For many Clark County residents, this Labor Day will be more celebratory than in recent years. More and more people are going to work, as preliminary numbers show that July's unemployment rate in the area was below 7 percent — compared with 9.5 percent a year ago.
Those recently released statistics take on added significance today as the nation pauses to celebrate the American worker. As Dr. Martin Luther King Jr. is credited with saying, "All labor that uplifts humanity has dignity and importance and should be undertaken with painstaking excellence." There is, indeed, dignity and importance in all labor. An honest day's work for an honest day's pay can enrich the soul as much as the pocketbook — a realization that over the centuries has helped the United States develop the world's most powerful economy.
According to the U.S. Department of Labor, today "constitutes a yearly national tribute to the contributions workers have made to the strength, prosperity, and well-being of our country." The idea of Labor Day arose in the 1880s, and there is some dispute over whether Peter J. McGuire in New York City or Matthew McGuire in Patterson, N.J., should be hailed as the father of the holiday.

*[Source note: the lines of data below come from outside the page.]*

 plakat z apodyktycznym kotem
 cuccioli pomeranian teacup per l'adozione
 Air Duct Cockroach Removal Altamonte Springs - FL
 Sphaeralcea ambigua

The inaugural celebration was in New York City in 1882 in accordance with plans formulated by the Central Labor Union.
In 1887, Oregon became the first state to make Labor Day an official holiday, and President Grover Cleveland signed it into law as a national holiday in 1894. In other words, Labor Day predates, say, Mother's Day and Father's Day as an observance. As Peter McGuire said, the day was designed to honor those "who from rude nature have delved and carved all the grandeur we behold."

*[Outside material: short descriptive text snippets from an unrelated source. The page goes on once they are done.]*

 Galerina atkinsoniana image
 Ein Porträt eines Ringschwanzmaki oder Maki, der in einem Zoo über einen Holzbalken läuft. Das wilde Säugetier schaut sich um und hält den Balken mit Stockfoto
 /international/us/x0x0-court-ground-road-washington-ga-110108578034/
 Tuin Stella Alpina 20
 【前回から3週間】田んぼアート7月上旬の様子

Not that the founding fathers of the holiday would recognize the makeup of the American workforce or the notion of labor these days. Some 130 years ago, it was difficult to imagine a workforce that integrated women and ethnic minorities. At the same time, it was difficult to imagine a five-day workweek, eight-hour workdays, a minimum wage, or paid vacations and sick days.
Not all that long ago, conditions for laborers often were abhorrent and dangerous, and the efforts of organized labor and progressive legislation have worked to mitigate that over the past century. Those gains were slow in coming. Henry Ford embraced the notion of paying his workers enough to be able to afford the cars they were making; a 1911 fire at the Triangle Shirtwaist Factory in New York, which killed 146 workers, led to vast improvements in workplace safety; and the Fair Labor Standards Act of 1938 established the 40-hour workweek, overtime pay, minimum wage, and limits on child labor.
Each of those milestones has helped enhance the lives of working Americans and has helped build the middle class that long served as the backbone of the nation's economy. While Americans are returning to work in the wake of the Great Recession, concerns linger about the state of the middle class and the availability of decent-paying jobs.
But, for now at least, things are moving in the right direction, as Clark County's economy added 6,100 jobs in the 12 months ending in July. "We're just in the right place at the right time," said Scott Bailey, regional labor economist for the state Employment Security Department. "Economies do come back after downturns. Businesses do start investing again. Consumers start spending more. We are in a recovery."
All of that will make this Labor Day seem a little more like a holiday than in recent years.